Translator's footnote

  1. Landsleit is the Yiddish word for people from the same town. Return


 

The Malarskis
The History of a Czenstochower Family

A. Chrobolowski

Avraham Malarski, the father, was born in the shtetl [town] Sejny, Suwalki gubernia [province]. His mother was the daughter of a religious judge, his father, Zelig, the son of a blacksmith who was known in the entire Suwalki area because he once had the opportunity to shoe the horses of Nikolai the First. For his good work he was freed from paying taxes.

[Page 369]

At age three, Avraham was left without a mother. He was raised in the home of his grandfather, the religious judge, until he took him with him to Nowy Dwór, Warsaw gubernia [province]. He became an apprentice to a rope maker, worked at a spinning wheel 14 hours a day and suffered from hunger and cold.

At age 21, he married Sheyndl Tac, a daughter of Eliezer and Bluma Tac in Nowy Dwór. Sheyndl's parents, her grandfather and grandmother of the Czenstochower Malarskis, traded with orchards and meadows around the Vistula [River] and ran a diary farm.

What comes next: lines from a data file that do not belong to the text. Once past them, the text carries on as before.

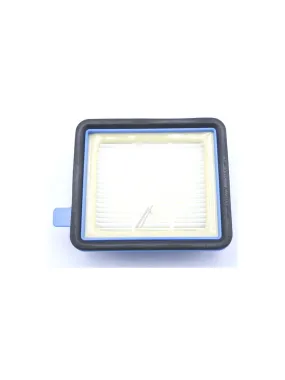 Filtre hepa Electrolux Pure F9 PF91-4ST - Aspirateur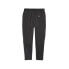 Фото #2 товара Puma M Seasons Lightweight Trail Running Pant Mens Black Casual Athletic Bottoms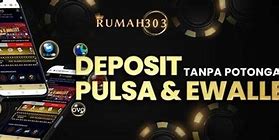 Rumah303 Slot Resmi Ga Ya Di Indonesia Apa Namanya Nya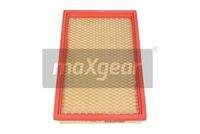 MAXGEAR 260580 Luftfilter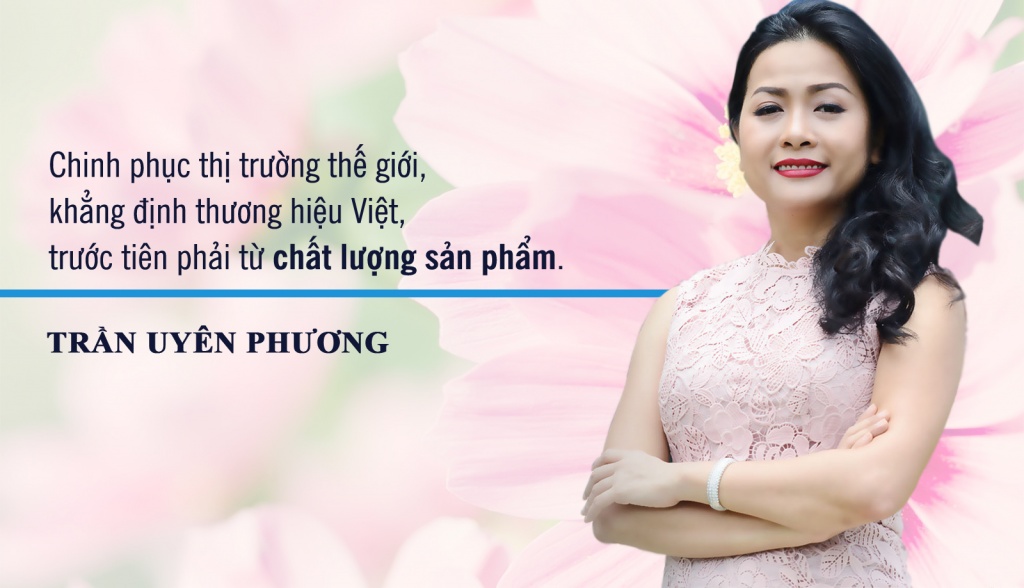 dn viet khat vong toan cau tan hiep phat tiep can the gioi bang tri thuc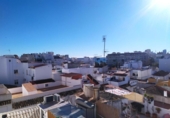 Casa de poble en venda a la España, Estepona, ref.: TR302294 foto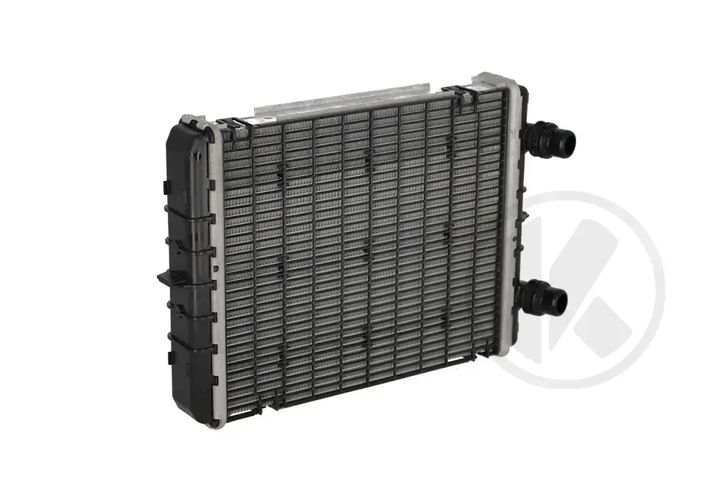a0995009201 b   radiator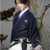 See how Machiya uses Marshall JTM45 O/S Offset Limited Edition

Avraham Malarski left the rope maker and became a harness maker. At the time his father Zelig, who had previously been an employee in the Nowy Dwór fortress, became the owner of several buses that took passengers and goods to Warsaw and back.

The first two children in the family, Yudl and Royza, were born in the house of their grandfather, Eliezer. Sheyndl, the mother of the Malarskis, being a mother of two children [Yudl and Royza] and still only 20 years old, had not yet made peace with her place in her parents' house. She was drawn to another life.

Leibush Berman, a son-in-law in her extensive family, was a model for her. The grandmother Yokheved, who took care of orphans and abandoned children in the city, had found him near the bathhouse driven from his house by his step-parents. She raised and educated him, married him off to her daughter and had great pleasure from him. At first he became a bookkeeper, then became a supplier of food to the military at the fortress. His children studied in Warsaw. One of his daughters took part in the First Zionist Congress in Basel. She [the daughter] would tell her cousin Sheyndl of her experiences in the wider world. This made a strong impression on Sheyndl who was more of a dorfs-maidel [a girl from a village].

In time, however, Sheyndl, in devotion to her husband, the modest rope-maker, Avraham Malarski, brought an entire generation of ten children into the world. Four sons and six daughters. They moved to Czenstochow, then to America. They acquired a good reputation among the Czenstochow Jews.

 

The Malarskis in Czenstochow

Of the 10 Malarskis, only one, Moshe (Morris), was born in Czenstochow. The remaining, Eidl, Royza, Dovid, Chaim Shlomo, Chaya Ruchl, Hodes, Yeta and Leah (Lina), were born in Nowy Dwór. With the help of their grandfather Eliezer and particularly from their grandmother Bluma who had an ingenuous way of helping to count the money that came in payment in the hundreds for the winter fruits… The family, which then already consisted of 11 souls, the parents and nine children, succeeded in moving to Czenstochow. Dovid became a locksmith. The remaining older children went to work in the factories and workshops where the poor children of Czenstochow were employed. In 1901 Eidl Malarski, a tinsmith by trade, married a Czenstochow girl and settled there. A little later he found a position for his father, Avraham, at the harness-making division of the artisans school.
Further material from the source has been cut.